*EXTRACTED RECORDS*
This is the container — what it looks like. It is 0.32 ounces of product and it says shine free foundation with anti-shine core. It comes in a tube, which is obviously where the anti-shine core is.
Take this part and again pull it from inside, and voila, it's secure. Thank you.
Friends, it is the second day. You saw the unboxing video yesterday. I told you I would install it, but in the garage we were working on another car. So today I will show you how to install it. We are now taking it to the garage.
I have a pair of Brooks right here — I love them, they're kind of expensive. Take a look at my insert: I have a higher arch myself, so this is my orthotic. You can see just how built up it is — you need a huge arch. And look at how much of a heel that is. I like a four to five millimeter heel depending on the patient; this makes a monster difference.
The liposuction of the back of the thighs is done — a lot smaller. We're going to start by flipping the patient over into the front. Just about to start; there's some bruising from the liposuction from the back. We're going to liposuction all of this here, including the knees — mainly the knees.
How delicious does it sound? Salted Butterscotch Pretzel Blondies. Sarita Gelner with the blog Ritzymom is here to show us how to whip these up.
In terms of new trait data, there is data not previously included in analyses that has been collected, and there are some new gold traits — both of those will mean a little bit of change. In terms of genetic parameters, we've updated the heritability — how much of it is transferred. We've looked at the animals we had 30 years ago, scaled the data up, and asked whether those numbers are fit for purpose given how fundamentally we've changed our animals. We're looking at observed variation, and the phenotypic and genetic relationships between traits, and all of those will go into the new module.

* * *

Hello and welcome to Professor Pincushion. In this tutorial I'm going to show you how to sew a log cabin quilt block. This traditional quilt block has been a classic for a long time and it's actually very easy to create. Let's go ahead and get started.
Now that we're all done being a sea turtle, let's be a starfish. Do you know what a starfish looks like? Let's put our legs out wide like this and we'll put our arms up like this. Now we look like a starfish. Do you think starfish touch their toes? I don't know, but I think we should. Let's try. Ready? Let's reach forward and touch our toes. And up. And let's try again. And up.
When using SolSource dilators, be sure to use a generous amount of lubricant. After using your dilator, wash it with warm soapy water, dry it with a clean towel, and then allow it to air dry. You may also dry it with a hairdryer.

*BRIEF*
Reproducing the whole listing above is not the task. Copy exactly only the lines from the one with "This is the" to the one with "I have a pair", both kept.

*RESPONSE TO THIS EXERCISE*
This is the container — what it looks like. It is 0.32 ounces of product and it says shine free foundation with anti-shine core. It comes in a tube, which is obviously where the anti-shine core is.
Take this part and again pull it from inside, and voila, it's secure. Thank you.
Friends, it is the second day. You saw the unboxing video yesterday. I told you I would install it, but in the garage we were working on another car. So today I will show you how to install it. We are now taking it to the garage.
I have a pair of Brooks right here — I love them, they're kind of expensive. Take a look at my insert: I have a higher arch myself, so this is my orthotic. You can see just how built up it is — you need a huge arch. And look at how much of a heel that is. I like a four to five millimeter heel depending on the patient; this makes a monster difference.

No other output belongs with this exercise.